Elizabeth Buckley, his teacher at the English High School in Boston (a public school with a special area for handicapped students), says that before Anselmo had access to the computer he was visibly frustrated and unwilling to use his paper communication board with words and symbols on it.

Technology now makes it possible for Anselmo to learn and to express his own character and concerns -- concerns about marriage and the Boston Celtics, concerns of a young man.

Denise, who is also handicapped, now takes computer programming with nonhandicapped kids. She knows a little Basic, a programming language, and is working on a r'esum'e. Like Anselmo, the computer and voice synthesizer have changed her life, allowing her to communicate and venture beyond the school's sheltered workshop for severely handicapped students into a mainstream curriculum. She hopes to get a job using her programming skills.

``We can't see where they're going to stop,'' says Ms. Buckley. ``The next step is to teach them vocational skills, word processing, database programming. Right now they get only sheltered employment,'' doing manual tasks like grouping combs into bunches with rubber bands. ``Computers may open the door to competitive employment,'' she says.

Boston is among the most active cities in bringing technology to special education.
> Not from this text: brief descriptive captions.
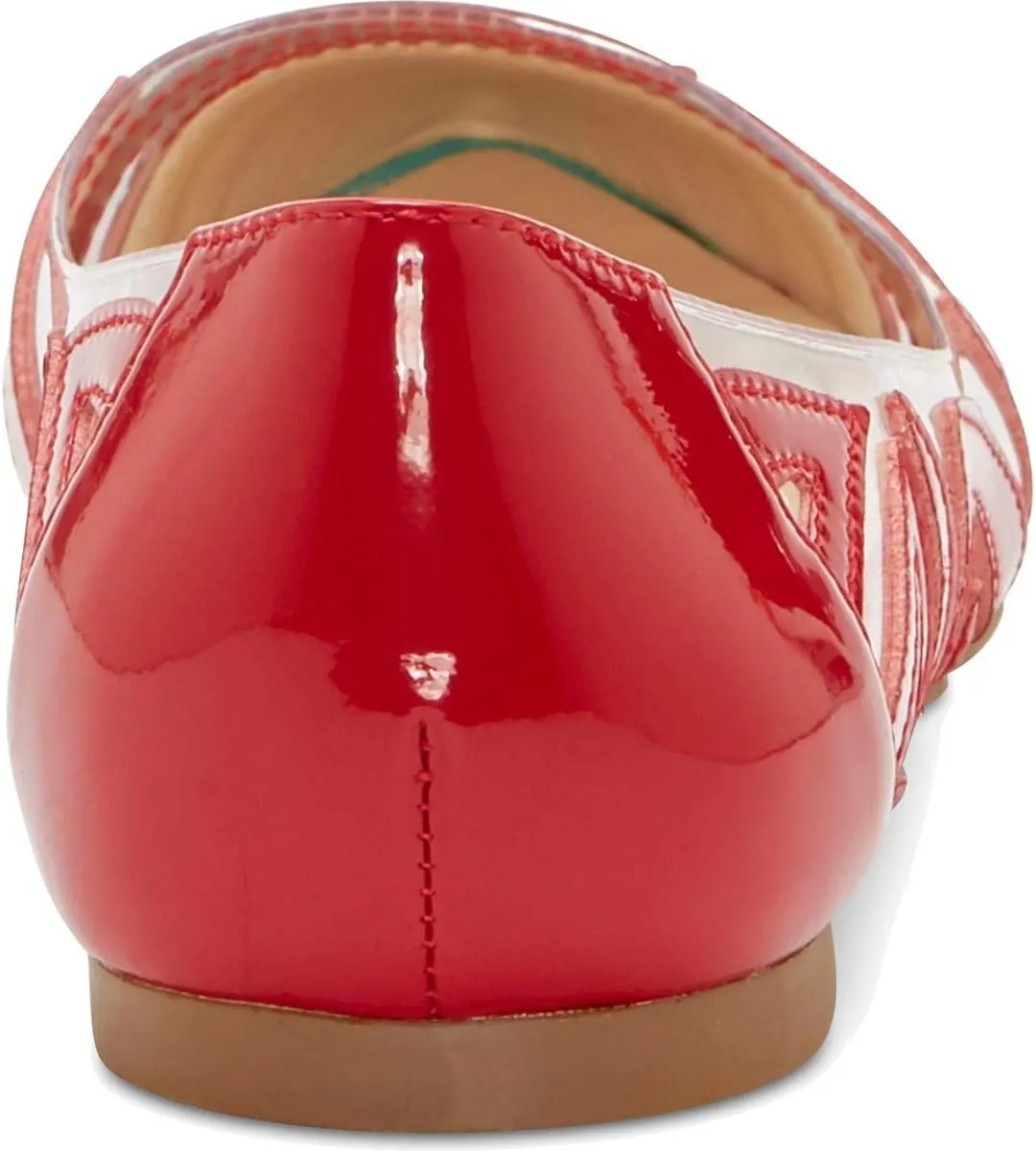 Jessica Simpson Women's Zaina Loafer Flat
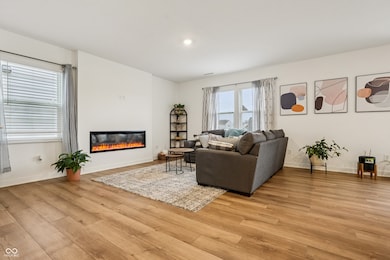 4544 Nokes Place, Indianapolis, IN 46235 - photo 5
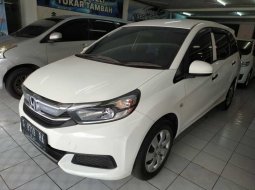 Jual cepat mobil Honda Mobilio E 2017 di DIY Yogyakarta 3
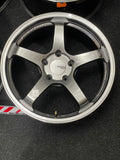 Advan GT - 19x8.5/10.5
In part, that is due to the efforts of Madalaine Pugliese, the coordinator of Boston's Special Education Technology Resource Center.

The center, which was established in 1984, tests and supplies equipment for handicapped students and trains teachers to use it as a learning aid. Examples include devices that help students with limited mobility to manipulate computer keyboards and magnified video displays for those with vision problems.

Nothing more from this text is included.